Lawmakers and investors trying to plan for the future would prefer some degree of precision for US gas resources while resource evaluators are far more comfortable talking about the many uncertainties in these estimates.

Shale gas is seen as an important and even game-changing contributor to future supply, but the size of the resource remains subject to discussion and revision.

"There is no rigorous way of summing the range of estimates for a large number of resource plays," said Richard Nehring, president of Nehring Associates Inc. in Colorado Springs, Colo., and chairman of the Committee on Resource Evaluation for the American Association of Petroleum Geologists.

Nehring has studied reserve and resource estimation for 40 years during which time industry witnessed a transformation from the spectre of gas resource depletion to the emergence of enormous unconventional plays.

Noting that his comments to OGJ reflect his opinions rather than the position of the AAPG, Nehring said evaluators can accurately assess the potential of individual plays, which usually involve a substantial range of potential resources with the high-confidence (lower) estimate being only 20-25% of the low-confidence (higher) estimate.

But when resource estimators combine their estimates for individual shale plays, they usually show only the sum of the mean estimates for each play, totally obscuring the great uncertainty associated with each play.

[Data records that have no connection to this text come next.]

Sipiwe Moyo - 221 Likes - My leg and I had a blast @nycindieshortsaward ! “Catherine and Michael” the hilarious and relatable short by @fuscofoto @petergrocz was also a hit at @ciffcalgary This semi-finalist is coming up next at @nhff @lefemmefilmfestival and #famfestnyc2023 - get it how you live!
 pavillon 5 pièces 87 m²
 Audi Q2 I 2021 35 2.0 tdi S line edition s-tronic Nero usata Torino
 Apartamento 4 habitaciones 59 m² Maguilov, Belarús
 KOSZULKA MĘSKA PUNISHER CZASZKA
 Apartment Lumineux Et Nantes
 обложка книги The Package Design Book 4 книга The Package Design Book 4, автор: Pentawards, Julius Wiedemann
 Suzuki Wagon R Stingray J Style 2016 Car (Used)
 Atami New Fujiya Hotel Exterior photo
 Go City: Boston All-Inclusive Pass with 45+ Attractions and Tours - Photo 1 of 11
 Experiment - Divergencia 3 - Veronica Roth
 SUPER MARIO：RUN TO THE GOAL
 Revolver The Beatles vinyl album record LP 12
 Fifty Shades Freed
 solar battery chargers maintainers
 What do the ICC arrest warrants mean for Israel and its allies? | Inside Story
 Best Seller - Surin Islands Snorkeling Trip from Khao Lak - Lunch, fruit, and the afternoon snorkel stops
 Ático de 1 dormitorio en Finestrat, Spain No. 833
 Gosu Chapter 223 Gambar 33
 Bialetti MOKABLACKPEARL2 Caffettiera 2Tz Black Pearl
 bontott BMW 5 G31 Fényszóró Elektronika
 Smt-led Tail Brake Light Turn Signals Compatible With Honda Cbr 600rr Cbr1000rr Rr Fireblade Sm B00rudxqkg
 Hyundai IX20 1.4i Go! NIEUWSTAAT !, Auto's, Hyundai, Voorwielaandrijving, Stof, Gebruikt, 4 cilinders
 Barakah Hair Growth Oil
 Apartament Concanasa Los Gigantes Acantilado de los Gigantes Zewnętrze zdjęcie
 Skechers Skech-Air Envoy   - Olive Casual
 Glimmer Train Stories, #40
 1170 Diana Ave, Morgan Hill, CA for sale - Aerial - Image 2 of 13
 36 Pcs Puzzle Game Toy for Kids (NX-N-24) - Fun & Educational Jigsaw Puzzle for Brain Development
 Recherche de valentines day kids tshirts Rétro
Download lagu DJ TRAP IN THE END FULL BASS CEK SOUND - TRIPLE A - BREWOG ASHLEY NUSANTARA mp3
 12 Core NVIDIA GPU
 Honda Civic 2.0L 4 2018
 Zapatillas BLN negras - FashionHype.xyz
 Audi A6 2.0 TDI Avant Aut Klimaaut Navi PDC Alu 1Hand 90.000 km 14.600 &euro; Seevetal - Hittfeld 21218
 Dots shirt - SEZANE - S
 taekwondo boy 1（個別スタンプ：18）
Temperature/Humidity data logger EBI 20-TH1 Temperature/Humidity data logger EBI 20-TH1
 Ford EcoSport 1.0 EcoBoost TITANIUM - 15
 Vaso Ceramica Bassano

"Just how much gas supply do we have?" Nehring asks. "We can't make policy on the basis of an assumed 100 years of supply. We may have less than 50 years of supply."

It's important to put resource estimates in context, he emphasized, saying people would be better off if they broadened their understanding of resource estimates instead of expecting firm statements offering a single number.

Such an understanding includes acknowledging the profound uncertainties in resource estimation.

Assessment uncertainties

"Traditionally in the evaluation of oil and gas resources, the focus is on field and reservoir numbers and sizes," Nehring said. "Unconventional resource plays do not lend themselves well to such an approach. They are usually continuous accumulations so traditional field and reservoir designations, designed for discrete accumulations, do not work."

Much debate stems from how long the shale plays will produce and at what levels, he said.

"There are a lot of wells with only 2-3 year production history, and we are trying to estimate how they will produce over 20-30 years," Nehring said. "To be honest, nobody knows…. The uncertainty is legitimate."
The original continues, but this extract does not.